I’ve been dating my current boyfriend for eight years. He’s in school out of state, so we don’t see each other often and he doesn’t really have very much free time. We have a really solid relationship — it works for us even if others find some things strange. For example, after eight years, I haven’t met his family. Most of them don’t know that I exist. We also have no concrete plans to marry until he’s finished with school, which could easily be four or five years from now. We’ve decided we don’t want children, too. But I knew as soon as I met him that this man was it — that we’d end up together.

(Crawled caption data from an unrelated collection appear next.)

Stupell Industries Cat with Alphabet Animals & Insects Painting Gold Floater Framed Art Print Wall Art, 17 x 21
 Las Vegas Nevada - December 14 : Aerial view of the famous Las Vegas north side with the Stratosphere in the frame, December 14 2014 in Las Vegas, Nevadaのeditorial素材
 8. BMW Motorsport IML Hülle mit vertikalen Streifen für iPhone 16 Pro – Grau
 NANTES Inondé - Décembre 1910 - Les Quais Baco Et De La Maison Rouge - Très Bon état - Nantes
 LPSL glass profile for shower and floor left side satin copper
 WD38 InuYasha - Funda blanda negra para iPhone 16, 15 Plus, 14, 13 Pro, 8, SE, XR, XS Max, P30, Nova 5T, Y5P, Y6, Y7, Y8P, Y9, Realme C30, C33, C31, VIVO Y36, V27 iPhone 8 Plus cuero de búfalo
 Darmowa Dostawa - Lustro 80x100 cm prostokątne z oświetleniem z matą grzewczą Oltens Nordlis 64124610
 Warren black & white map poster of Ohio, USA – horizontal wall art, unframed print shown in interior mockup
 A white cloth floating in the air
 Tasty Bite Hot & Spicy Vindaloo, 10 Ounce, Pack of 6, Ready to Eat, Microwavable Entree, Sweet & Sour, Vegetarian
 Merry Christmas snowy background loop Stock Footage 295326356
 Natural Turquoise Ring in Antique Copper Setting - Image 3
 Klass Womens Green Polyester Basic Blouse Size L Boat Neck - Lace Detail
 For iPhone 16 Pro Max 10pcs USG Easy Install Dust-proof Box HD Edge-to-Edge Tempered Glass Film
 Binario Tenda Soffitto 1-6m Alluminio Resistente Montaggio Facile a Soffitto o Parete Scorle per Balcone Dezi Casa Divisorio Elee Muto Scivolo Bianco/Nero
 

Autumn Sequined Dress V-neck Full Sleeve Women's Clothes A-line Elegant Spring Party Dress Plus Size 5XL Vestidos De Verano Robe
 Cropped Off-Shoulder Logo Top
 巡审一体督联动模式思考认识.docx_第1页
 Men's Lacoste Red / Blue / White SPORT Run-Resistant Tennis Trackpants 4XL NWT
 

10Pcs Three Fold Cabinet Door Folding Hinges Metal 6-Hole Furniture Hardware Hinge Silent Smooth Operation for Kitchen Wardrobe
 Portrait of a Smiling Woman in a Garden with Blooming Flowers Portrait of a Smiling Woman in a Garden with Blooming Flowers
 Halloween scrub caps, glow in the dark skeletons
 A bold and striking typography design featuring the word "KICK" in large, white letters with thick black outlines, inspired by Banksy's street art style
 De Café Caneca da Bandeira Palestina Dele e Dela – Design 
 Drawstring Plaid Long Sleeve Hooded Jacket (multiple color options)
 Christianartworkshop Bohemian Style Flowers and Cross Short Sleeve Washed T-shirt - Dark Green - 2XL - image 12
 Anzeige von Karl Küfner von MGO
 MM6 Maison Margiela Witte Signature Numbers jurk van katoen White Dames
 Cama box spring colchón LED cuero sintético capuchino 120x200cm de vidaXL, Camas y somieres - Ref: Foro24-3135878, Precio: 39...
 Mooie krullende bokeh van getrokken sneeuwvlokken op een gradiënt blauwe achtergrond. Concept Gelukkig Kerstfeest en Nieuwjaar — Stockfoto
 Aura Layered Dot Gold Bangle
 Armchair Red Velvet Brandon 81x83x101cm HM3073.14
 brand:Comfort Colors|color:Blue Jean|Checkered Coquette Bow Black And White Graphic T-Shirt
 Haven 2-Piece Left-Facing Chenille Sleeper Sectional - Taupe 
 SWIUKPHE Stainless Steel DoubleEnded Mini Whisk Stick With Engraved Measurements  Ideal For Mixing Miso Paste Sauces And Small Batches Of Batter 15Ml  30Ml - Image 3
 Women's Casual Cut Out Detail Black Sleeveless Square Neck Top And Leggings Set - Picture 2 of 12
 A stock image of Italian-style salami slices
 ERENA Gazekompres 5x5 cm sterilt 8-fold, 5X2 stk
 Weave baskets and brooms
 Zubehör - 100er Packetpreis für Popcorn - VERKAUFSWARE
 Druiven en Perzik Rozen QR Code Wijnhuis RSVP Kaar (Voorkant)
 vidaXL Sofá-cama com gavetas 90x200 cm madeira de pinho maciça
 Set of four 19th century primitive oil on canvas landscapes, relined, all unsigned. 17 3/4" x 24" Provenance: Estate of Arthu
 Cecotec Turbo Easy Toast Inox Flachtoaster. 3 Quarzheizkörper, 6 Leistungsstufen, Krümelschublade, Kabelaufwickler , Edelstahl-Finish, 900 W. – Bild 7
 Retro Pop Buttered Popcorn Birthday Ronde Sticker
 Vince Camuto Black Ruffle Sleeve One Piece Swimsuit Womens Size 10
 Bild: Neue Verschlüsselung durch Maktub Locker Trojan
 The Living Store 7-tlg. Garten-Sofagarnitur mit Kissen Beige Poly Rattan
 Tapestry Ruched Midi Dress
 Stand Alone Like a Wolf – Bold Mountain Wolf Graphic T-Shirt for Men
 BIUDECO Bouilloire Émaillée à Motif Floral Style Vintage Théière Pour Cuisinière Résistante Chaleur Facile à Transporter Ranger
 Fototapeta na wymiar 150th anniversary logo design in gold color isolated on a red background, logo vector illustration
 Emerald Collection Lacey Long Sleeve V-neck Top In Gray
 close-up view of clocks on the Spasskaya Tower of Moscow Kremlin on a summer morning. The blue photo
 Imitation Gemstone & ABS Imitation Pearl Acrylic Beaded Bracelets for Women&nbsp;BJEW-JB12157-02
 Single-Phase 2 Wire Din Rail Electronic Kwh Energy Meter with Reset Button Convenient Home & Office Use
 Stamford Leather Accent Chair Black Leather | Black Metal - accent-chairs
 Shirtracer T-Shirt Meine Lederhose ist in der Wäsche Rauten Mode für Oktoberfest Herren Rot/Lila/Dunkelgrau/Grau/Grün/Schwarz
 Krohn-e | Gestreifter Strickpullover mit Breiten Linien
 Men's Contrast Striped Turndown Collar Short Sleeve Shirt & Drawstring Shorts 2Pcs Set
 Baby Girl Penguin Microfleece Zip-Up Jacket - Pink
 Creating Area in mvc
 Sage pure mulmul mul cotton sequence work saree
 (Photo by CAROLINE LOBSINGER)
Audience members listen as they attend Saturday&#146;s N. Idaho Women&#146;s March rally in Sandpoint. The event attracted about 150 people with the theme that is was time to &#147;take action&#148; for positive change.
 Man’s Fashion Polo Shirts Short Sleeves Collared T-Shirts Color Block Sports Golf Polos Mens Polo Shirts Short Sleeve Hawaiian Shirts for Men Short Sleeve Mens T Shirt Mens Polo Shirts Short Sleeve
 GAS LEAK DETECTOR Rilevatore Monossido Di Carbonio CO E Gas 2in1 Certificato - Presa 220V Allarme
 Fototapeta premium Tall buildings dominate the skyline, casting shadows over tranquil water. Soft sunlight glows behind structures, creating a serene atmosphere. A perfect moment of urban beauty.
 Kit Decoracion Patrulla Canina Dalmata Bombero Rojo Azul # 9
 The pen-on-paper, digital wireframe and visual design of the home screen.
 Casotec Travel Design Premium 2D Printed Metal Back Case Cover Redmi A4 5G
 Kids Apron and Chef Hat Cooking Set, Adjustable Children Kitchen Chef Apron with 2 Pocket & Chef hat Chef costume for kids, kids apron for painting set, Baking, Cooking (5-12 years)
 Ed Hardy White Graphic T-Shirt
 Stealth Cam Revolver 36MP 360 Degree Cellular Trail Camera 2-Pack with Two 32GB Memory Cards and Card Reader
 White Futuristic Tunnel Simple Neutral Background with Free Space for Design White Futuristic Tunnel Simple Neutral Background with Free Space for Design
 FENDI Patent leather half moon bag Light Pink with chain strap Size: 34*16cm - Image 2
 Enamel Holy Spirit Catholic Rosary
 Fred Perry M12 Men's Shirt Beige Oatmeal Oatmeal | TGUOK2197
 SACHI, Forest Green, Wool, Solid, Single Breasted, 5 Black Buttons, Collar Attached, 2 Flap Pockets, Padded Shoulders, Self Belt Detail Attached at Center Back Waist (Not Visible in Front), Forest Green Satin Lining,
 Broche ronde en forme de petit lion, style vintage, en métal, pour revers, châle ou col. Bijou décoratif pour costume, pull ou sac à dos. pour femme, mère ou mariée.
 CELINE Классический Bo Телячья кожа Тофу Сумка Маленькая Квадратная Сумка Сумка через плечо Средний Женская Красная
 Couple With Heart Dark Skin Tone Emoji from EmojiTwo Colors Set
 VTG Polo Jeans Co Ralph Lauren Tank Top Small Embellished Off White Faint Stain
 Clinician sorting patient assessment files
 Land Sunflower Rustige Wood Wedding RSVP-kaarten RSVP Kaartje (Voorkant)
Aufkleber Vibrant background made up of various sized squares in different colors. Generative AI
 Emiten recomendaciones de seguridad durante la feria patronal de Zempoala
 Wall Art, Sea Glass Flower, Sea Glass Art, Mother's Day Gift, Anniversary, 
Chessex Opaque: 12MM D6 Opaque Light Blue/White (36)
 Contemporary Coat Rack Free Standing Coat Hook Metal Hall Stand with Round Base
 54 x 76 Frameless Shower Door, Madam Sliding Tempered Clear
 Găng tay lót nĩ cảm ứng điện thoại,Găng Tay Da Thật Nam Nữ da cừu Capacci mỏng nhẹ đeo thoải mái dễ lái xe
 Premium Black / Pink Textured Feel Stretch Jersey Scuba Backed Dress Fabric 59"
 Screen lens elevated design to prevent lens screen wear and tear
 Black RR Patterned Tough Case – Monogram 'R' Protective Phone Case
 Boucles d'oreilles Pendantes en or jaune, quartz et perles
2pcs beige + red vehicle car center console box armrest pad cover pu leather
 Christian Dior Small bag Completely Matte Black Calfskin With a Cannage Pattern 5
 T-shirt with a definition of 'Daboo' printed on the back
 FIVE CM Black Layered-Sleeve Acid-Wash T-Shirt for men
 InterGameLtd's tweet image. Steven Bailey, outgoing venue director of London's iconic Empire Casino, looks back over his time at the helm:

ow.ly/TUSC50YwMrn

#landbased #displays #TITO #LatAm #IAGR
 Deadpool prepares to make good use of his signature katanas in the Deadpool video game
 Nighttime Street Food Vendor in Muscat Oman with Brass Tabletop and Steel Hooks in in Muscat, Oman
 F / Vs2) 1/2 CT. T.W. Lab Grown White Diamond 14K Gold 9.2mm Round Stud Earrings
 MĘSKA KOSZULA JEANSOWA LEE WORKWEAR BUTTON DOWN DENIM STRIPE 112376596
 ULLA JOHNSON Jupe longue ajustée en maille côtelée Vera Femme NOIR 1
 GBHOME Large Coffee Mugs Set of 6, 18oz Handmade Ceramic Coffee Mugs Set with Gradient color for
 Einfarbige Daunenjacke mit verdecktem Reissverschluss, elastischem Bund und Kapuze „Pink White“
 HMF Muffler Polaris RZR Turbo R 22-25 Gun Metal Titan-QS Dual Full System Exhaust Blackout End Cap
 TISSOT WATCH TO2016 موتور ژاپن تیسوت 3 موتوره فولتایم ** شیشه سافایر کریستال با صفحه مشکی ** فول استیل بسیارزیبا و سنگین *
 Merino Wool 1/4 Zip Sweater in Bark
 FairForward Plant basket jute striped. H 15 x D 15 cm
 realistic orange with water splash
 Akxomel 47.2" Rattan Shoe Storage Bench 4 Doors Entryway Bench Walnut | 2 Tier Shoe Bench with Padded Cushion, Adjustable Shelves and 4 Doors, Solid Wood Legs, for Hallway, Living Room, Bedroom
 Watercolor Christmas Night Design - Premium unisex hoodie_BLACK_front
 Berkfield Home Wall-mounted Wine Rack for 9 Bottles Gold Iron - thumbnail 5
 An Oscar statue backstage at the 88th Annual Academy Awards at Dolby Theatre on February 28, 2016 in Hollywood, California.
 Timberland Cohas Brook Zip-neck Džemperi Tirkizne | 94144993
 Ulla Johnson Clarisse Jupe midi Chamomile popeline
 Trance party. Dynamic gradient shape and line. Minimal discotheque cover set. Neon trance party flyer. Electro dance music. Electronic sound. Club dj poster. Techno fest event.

That’s why I’m really conflicted about what I’ve been doing for the past nine months.
When my boyfriend went away to school, my schedule freed up. I decided to pick up a hobby. I’ve always admired how confident dancers are in their bodies, so I signed up for this Latin/Caribbean dance class. It took me a while, but I started bonding with other dancers in the community and as I became a better dancer, my confidence in myself really skyrocketed. Dancing makes me feel really good about myself — really empowered — and like I’m a sexual being for the first time in my life.
I met Matthew at one of the socials. He’s an experienced dancer; he’s good looking and muscular; he has a gorgeous girlfriend of three years who is also in our dance community, and he is completely out of my league. He offered to help me with my dancing. I happily and cluelessly accepted but every time we tried to organize, we had difficulty finding a venue. So we ended up getting together and just going to the movies instead. Afterwards, we got dinner. He paid for me and then he dropped me off at home. And even though it was probably obvious to everyone but me, it took me a couple of months to realize that he was attracted to me.
We started texting and hanging out somewhat regularly. He asked me to meet him at a walking trail in the middle of nowhere one night and I went. He asked me if I was happy in my relationship and I told him I was — and of course he pointed out that if that were true, I wouldn’t be there with him in the middle of the night. He tried to kiss me and I pulled away. And then he tried again, and I let him.
I never thought that I would be unfaithful. The whole time that we were kissing, I kept thinking — What is wrong with me? Why don’t I feel guilty? How can I live with myself? But I didn’t feel ashamed or bad about it at all, actually. It felt like I’d been waiting to feel like this — attractive, wanted, sexy — for my whole life. And now that I finally had a taste of it, I kind of enjoyed being a little selfish.
Every time I see Matt, we push the envelope a little bit. We haven’t had sex, but there’s something about our situation that makes it seem like an inevitability. Plus, I like that panic that I feel whenever we’re out together and the thought of his girlfriend seeing us creeps up. The riskiness of everything thrills me.
I’ve always been good. I’ve always been responsible. I’ve always been the one in a committed relationship, going to school, getting a good job, crossing off every little thing on this long to-do list with a neat little check mark. I just want to have this short period of being crazy — of being bad, of being irresponsible. I’ve always wanted to be seen, and now I am. Is it so bad that I’m enjoying it? What damage am I really doing if my boyfriend never finds out? My one boundary is that I would never sleep with Matt. I would hate myself forever and a day if I did. So, I know that this has to stop. I just really don’t want it to.